Mary Jo smiles. “Look, Brad . . . if you’re shopping for clothes at the mall, I can help. Come to my store. But you’re on your own in the kitchen. Sorry.”
Mary Jo wants me to give up, but I refuse. “You sure aren’t making this easy,” I tell her.
“Are you referring to cooking dinner or asking me out?” She laughs a little, and the checkout girl in her blue smock chuckles with her as she swipes Mary Jo’s final items past the scanner. The girl, in fact, is so efficient, Mary Jo’s paper bags are stuffed and into her cart in minutes, and before I can say anything else, she’s heading to the exit. I sense the impatience of shoppers in line behind me at checkout #8 and debate between pulling my groceries out of my cart or chasing after Mary Jo. My inner debate ends when Mary Jo gives me a slight wave and that same courteous smile before she pushes her cart out the automatic door and into the parking lot, leaving me stuck with my healthy groceries slowly sliding past the scanner.
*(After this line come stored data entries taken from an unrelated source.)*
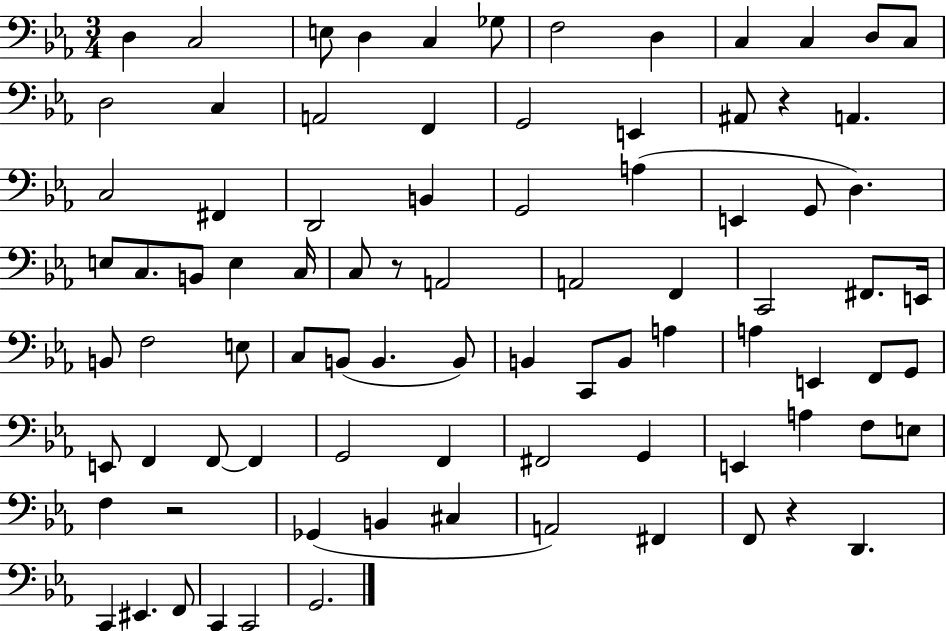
{
  \clef bass
  \numericTimeSignature
  \time 3/4
  \key ees \major
  d4 c2 | e8 d4 c4 ges8 | f2 d4 | c4 c4 d8 c8 | \break d2 c4 | a,2 f,4 | g,2 e,4 | ais,8 r4 a,4. | \break c2 fis,4 | d,2 b,4 | g,2 a4( | e,4 g,8 d4.) | \break e8 c8. b,8 e4 c16 | c8 r8 a,2 | a,2 f,4 | c,2 fis,8. e,16 | \break b,8 f2 e8 | c8 b,8( b,4. b,8) | b,4 c,8 b,8 a4 | a4 e,4 f,8 g,8 | \break e,8 f,4 f,8~~ f,4 | g,2 f,4 | fis,2 g,4 | e,4 a4 f8 e8 | \break f4 r2 | ges,4( b,4 cis4 | a,2) fis,4 | f,8 r4 d,4. | \break c,4 eis,4. f,8 | c,4 c,2 | g,2. | \bar "|."
}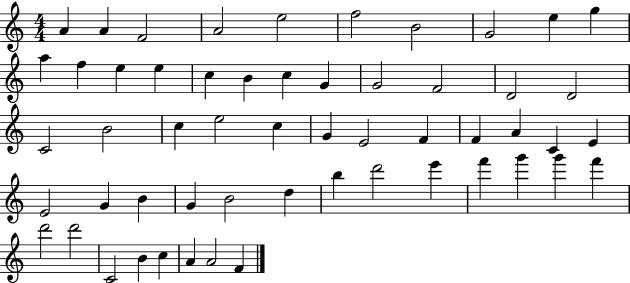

The checkout girl gives me a sympathetic smile as she helps me stuff the items into paper bags.
On the drive to my apartment, I yell “moron” at the windshield. Is that the best you could do, Brad? You’re a teacher, for God’s sakes. And I don’t forgive myself. I have to say over and over in a monotone voice and then in a Greek accent (because I have the yogurt) and finally with my Scooby Doo impersonation, “What do I do with all this stuff?” I keep switching from one voice to the other. Who asks that? What were you thinking? You truly are a moron!
Back at my apartment, I’m still angry and disappointed, feelings that linger inside me the rest of the night. Before going to bed, I brush my teeth so hard it’s like I’m scrubbing the grease off a frying pan. I set my alarm and then stare at the framed picture of a Trojan warrior that hangs on the near wall, a gift to myself when I got the Tremont teaching job. Finding someone should not be so difficult, I tell myself. Like some magic is required. Is this what my life is always going to be like? If not Mary Jo, then who?